This project provides the preparation and finetuning of an mBART model for the English-to-Spanish, Spanish-to-English, English-to-Dutch and Dutch-to-English language pairs.
Open a terminal and execute the following:
chmod +x setup.sh
./setup.sh
The prepare_data.sh
script already downloads all the necessary files and creates the required folders for the project. Execute the following:
chmod +x prepare_data.sh
./prepare_data.sh
The script downloads the mBART model, the tokeniser and the original vocabulary file. Concerning the data, the ParaCrawl 7.1 dataset is used, downloading the "en-es" and "en-nl" parallel corpora. These files are tokenised and a reduced vocabulary of 40,000 tokens is extracted.

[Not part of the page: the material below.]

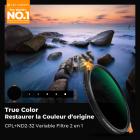 Filtre polarisant circulaire 2 en 1 True Color Variable ND2-32 (1 à 5 arrêts) et CPL 46 mm pour objectif d'appareil photo, filtre polarisant à densité neutre, série Nano-X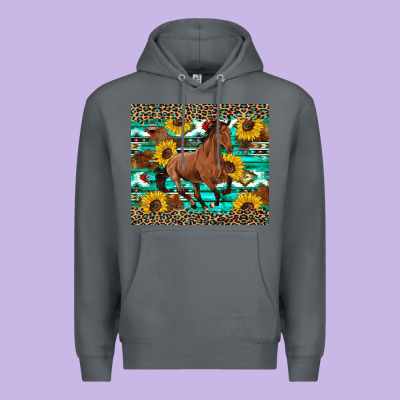 Western Horse Sunflowers Premium Hoodie Designed By Artiststas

Run the following commands to start training the mBART model.
chmod +x finetuning.sh
./finetuning.sh
There are three scripts to evaluate the trained model. The first one, evaluate.sh
, takes the last saved model and evaluates it on the available language pairs. Run the following to execute it:
chmod +x evaluate.sh
./evaluate.sh
evaluate2.sh
uses the model saved after training with a specific language pair to evaluate that language pair. Run:
chmod +x evaluate2.sh
./evaluate2.sh
Finally, evaluate3.sh
uses an average checkpoint created using the four available models (one per language pair). First, the average checkpoint must be created. Then, the evaluation script can be run. Execute the following:
chmod +x average_checkpoints.sh
chmod +x evaluate3.sh
./average_checkpoints.sh
./evaluate3.sh